Clearly the bca limits match the exact values very well and suggests a large upward correction to the standard limits. Here the corrections are all positive as seen in the table below; $\hat{z}_0 = 0.093$ and $\hat{a} = 0.092$.

knitr::kable(ratio_bca$stats, digits = 3)

	theta	sd	a	az	z0	A	sdd	mean
est	1	0.537	0.098	0.089	0.088	0.509	0.504	1.054
jsd	0	0.005	0.005	0.005	0.010	0.020	0.004	0.004

knitr::kable(t(ratio_bca$abcstats), digits = 3)

a	z0
0.1	0.1

knitr::kable(ratio_bca$ustats, digits = 3)

	ustat	sdu	B
est	0.946	0.490	16000
jsd	0.004	0.004	0

The plot below shows that there is moderate amount of internal error in $\hat{\theta}_{bca}(0.975)$ as shown by the red bar. The pct column suggests why: $\hat{\theta}_{bca}(0.975)$ occurs at the $0.996$-quantile of the 16,000 replications, i.e., at the 64th largest $\hat{\theta}$, where there is a limited amount of data for estimating the distribution.

bcaplot(ratio_bca)

References

DiCiccio, Thomas J., and Bradley Efron. 1996. “Bootstrap Confidence Intervals.” Statist. Sci. 11 (3): 189–228. https://doi.org/10.1214/ss/1032280214.
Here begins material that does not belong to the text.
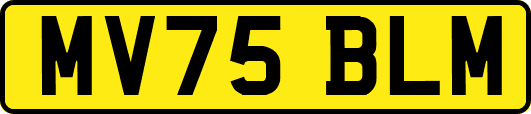 MV75BLM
DiCiccio, Thomas, and Bradley Efron. 1992. “More Accurate Confidence Intervals in Exponential Families.” Biometrika 79 (2): 231–45. https://doi.org/10.2307/2336835.

Efron, Bradley. 1987. “Better Bootstrap Confidence Intervals.” Journal of the American Statistical Association 82 (397): 171–85. https://doi.org/10.2307/2289144.

Efron, Bradley, and Trevor Hastie. 2016. Computer Age Statistical Inference: Algorithms, Evidence, and Data Science. 1st ed. New York, NY, USA: Cambridge University Press.

Efron, Bradley, and Balasubramanian Narasimhan. 2018. “The Automatic Construction of Bootstrap Confidence Intervals.”